Hello again fellow graduate students! My stint on the SPSP GSC may have come to an end, but (unfortunately) my dissertation struggles are still alive and well. In previous Dissertation Diaries installments, I wrote about choosing a topic and provided some tricks that I have been using to get organized. This month, I want to tackle something a little different: knowing when to call it quits.

No, I am not quitting graduate school, and I haven’t given up on my dissertation (not yet, anyway). Instead, I mean recognizing that you have the makings of a great dissertation in your possession already, and setting aside plans to collect more data. When I first began the dissertation process, I assumed that I needed to start from scratch: to do something totally novel, totally unique, and totally distinct from all of my other research. As such, it is perhaps not surprising that these beliefs left me completely panic-stricken. I thought to myself: “Even if I find the time to run all of these studies, what if some of them don’t work out as planned? I won’t possibly have time to fix any problems that arise!” Throughout this process, it never occurred to me that there might be an easier way.
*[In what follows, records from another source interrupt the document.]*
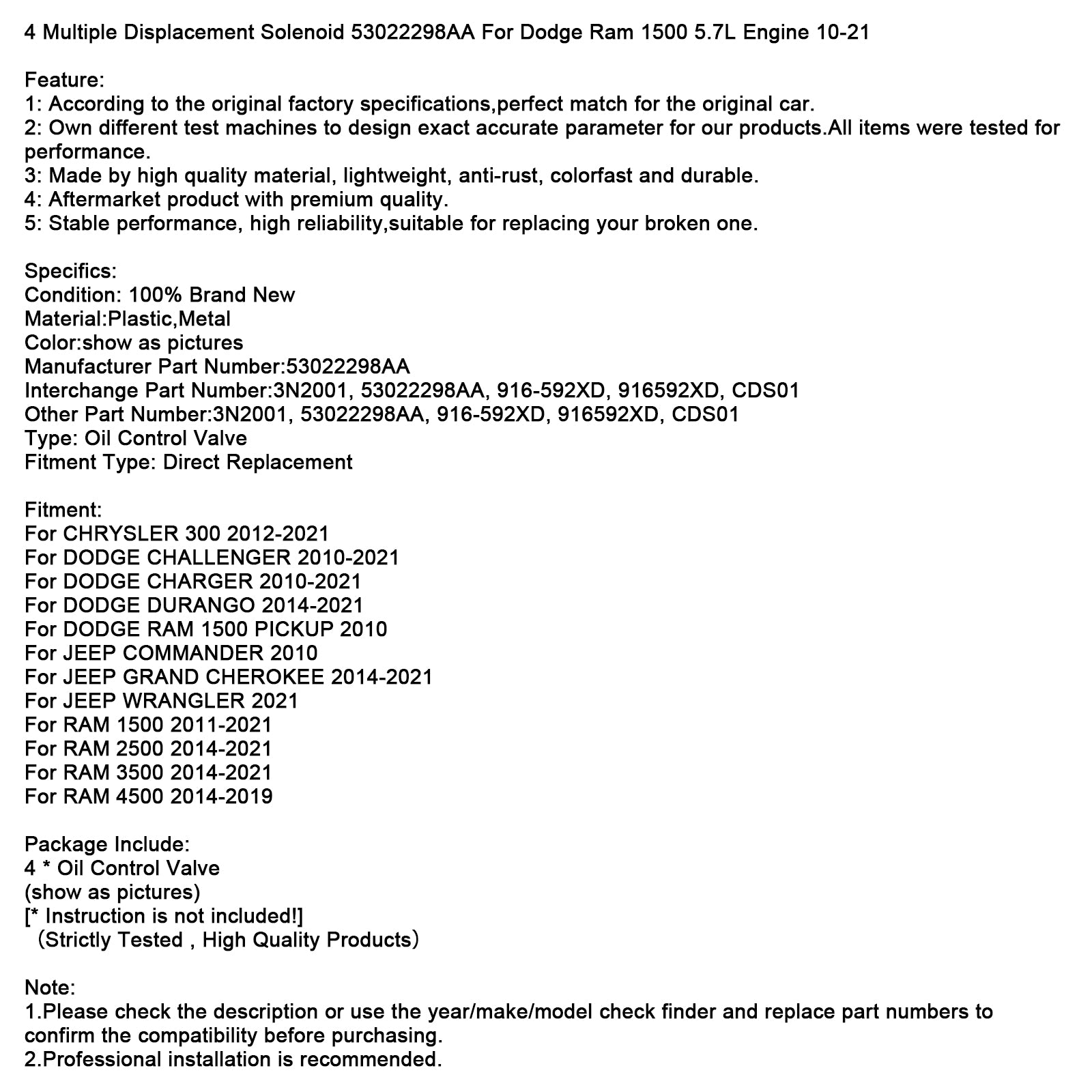 4 Solénoïde à déplacement multiple 53022298AA pour Dodge Ram 1500 Engine 10-21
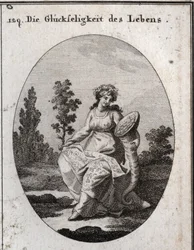 Allegorie des Wohlstands des Lebens. Reich gekleidet und mit Trauben und Attributen von Reichtum und Überfluss gekrönt. Der mit Blättern und Früchten gefüllte Eichenast bedeutet Gesundheit, aber auch Festigkeit und Unverderblichkeit. Gravur in „Iconologie 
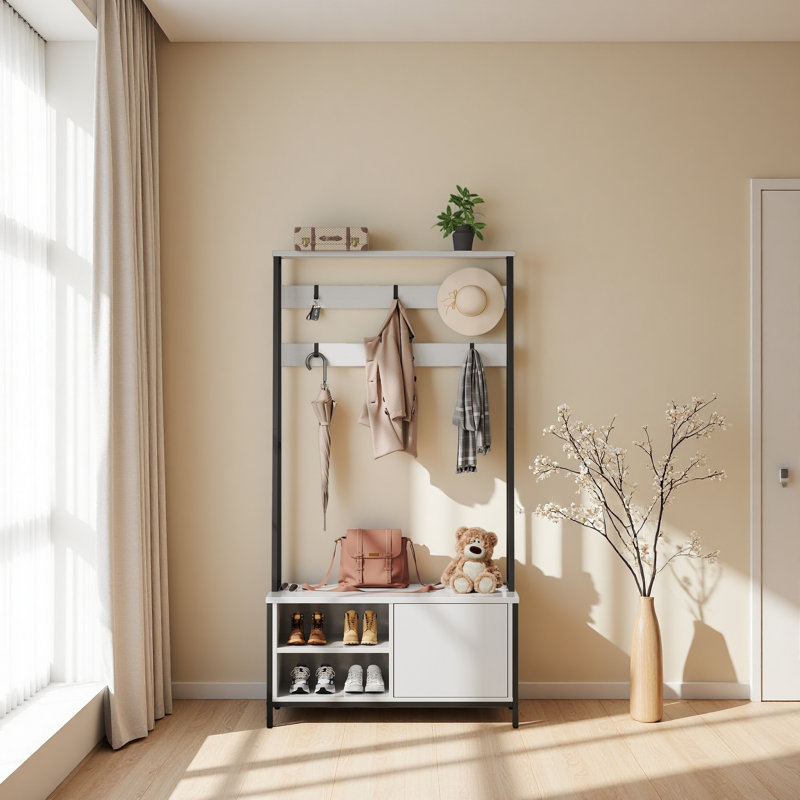 Arbre d'entrée avec banc et rangement pour chaussures, portemanteau avec rangement pour chaussures, aspect bois, portemanteau avec banc, style industriel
As a personality psychologist, I am used to collecting large amounts of data. Whenever I run a study, I collect my variables of interest, plus a few extras just in case. Once I had my idea for my dissertation, and organized my plan for executing it, I found that in reality, I had already run some of my planned studies! They may not have been for the same purpose, and were not perfect, but the data could be reworked to adequately answer my questions of interest. After realizing this, it has become clear that I only need to run one new study (provided that this study works out, of course).  No doubt many of you out there have some buried treasure in the form of old datasets as well – you just have to recognize it.

Reimagining your current datasets so that they might be applied to your dissertation question of interest may not be flashy, and it may not be exciting, but it will save you a lot of time and effort. You likely are already very familiar with them, and they are (hopefully) well organized, allowing you to start the fun stuff (testing your hypotheses) right away. Even if they are not yours, and instead have come from a public record of some kind, you still will be giving yourself a head start by eliminating the recruitment and data collection phases.
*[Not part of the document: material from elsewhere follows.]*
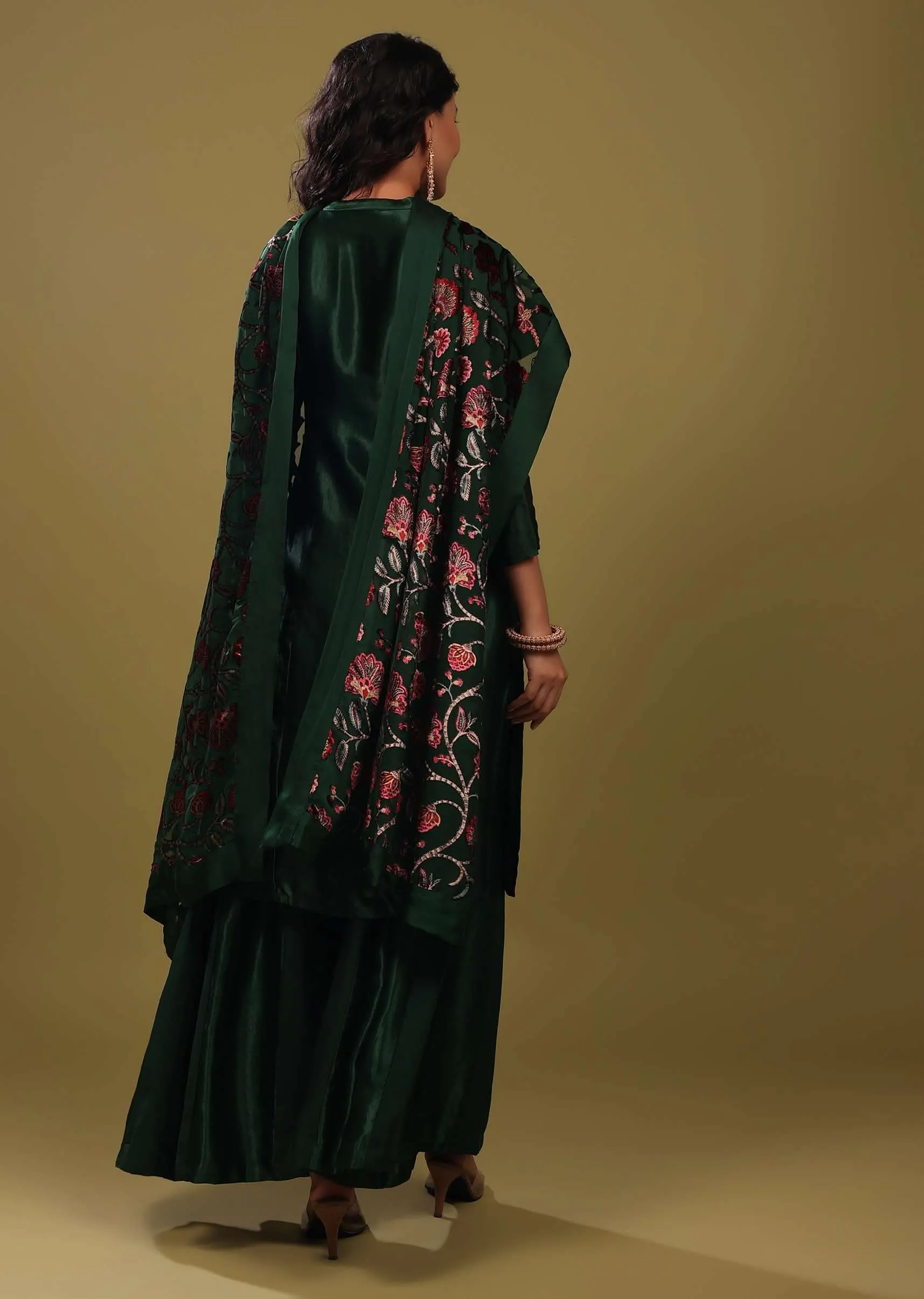 Deep Palazzo Suit In Gajji Silk With A Beautiful Velvet Floral Embroidered Dupatta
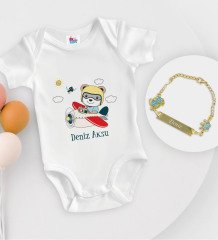 BK Kids Kişiye Özel Sevimli Pilot Tasarımlı Beyaz Bebek Body Zıbın ve Erkek Bebek Künyesi Hediye Seti-1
If you think you would like to try this approach, always remember to keep an open mind. These datasets will not be ideal; they may not include all of the scales you hoped for, or may not contain your exact dependent variable of interest. Still, they can often contribute a certain breadth to your research, and if not replicate, at the very least supplement and extend. Trust me: anything that will allow you to conserve energy during this highly stressful and insanely busy time is a very, very good thing.